Action item - Down to the last line, output the records below exactly.

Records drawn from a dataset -
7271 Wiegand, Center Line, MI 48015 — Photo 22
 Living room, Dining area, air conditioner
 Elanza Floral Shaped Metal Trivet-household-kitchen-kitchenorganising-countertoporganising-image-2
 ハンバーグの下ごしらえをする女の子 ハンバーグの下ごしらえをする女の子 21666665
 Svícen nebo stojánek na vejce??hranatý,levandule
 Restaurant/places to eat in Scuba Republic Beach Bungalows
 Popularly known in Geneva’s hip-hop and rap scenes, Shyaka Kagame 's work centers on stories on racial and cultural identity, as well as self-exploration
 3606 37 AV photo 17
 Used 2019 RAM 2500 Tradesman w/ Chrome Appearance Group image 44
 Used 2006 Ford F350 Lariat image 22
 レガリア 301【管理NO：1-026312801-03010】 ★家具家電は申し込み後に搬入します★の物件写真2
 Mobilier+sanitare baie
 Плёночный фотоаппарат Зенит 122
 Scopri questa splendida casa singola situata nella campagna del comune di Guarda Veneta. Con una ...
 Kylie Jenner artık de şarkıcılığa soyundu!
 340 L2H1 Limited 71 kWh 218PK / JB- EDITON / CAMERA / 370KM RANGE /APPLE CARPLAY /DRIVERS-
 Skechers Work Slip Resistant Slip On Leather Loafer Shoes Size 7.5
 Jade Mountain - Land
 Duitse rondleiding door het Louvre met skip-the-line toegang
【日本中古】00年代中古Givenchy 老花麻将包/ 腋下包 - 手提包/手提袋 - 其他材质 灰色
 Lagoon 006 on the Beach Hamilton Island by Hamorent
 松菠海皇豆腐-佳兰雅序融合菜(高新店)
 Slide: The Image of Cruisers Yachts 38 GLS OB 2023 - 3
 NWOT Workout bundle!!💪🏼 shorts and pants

Task result -
7271 Wiegand, Center Line, MI 48015 — Photo 22
 Living room, Dining area, air conditioner
 Elanza Floral Shaped Metal Trivet-household-kitchen-kitchenorganising-countertoporganising-image-2
 ハンバーグの下ごしらえをする女の子 ハンバーグの下ごしらえをする女の子 21666665
 Svícen nebo stojánek na vejce??hranatý,levandule
 Restaurant/places to eat in Scuba Republic Beach Bungalows
 Popularly known in Geneva’s hip-hop and rap scenes, Shyaka Kagame 's work centers on stories on racial and cultural identity, as well as self-exploration
 3606 37 AV photo 17
 Used 2019 RAM 2500 Tradesman w/ Chrome Appearance Group image 44
 Used 2006 Ford F350 Lariat image 22
 レガリア 301【管理NO：1-026312801-03010】 ★家具家電は申し込み後に搬入します★の物件写真2
 Mobilier+sanitare baie
 Плёночный фотоаппарат Зенит 122
 Scopri questa splendida casa singola situata nella campagna del comune di Guarda Veneta. Con una ...
 Kylie Jenner artık de şarkıcılığa soyundu!
 340 L2H1 Limited 71 kWh 218PK / JB- EDITON / CAMERA / 370KM RANGE /APPLE CARPLAY /DRIVERS-
 Skechers Work Slip Resistant Slip On Leather Loafer Shoes Size 7.5
 Jade Mountain - Land
 Duitse rondleiding door het Louvre met skip-the-line toegang
【日本中古】00年代中古Givenchy 老花麻将包/ 腋下包 - 手提包/手提袋 - 其他材质 灰色
 Lagoon 006 on the Beach Hamilton Island by Hamorent
 松菠海皇豆腐-佳兰雅序融合菜(高新店)
 Slide: The Image of Cruisers Yachts 38 GLS OB 2023 - 3
 NWOT Workout bundle!!💪🏼 shorts and pants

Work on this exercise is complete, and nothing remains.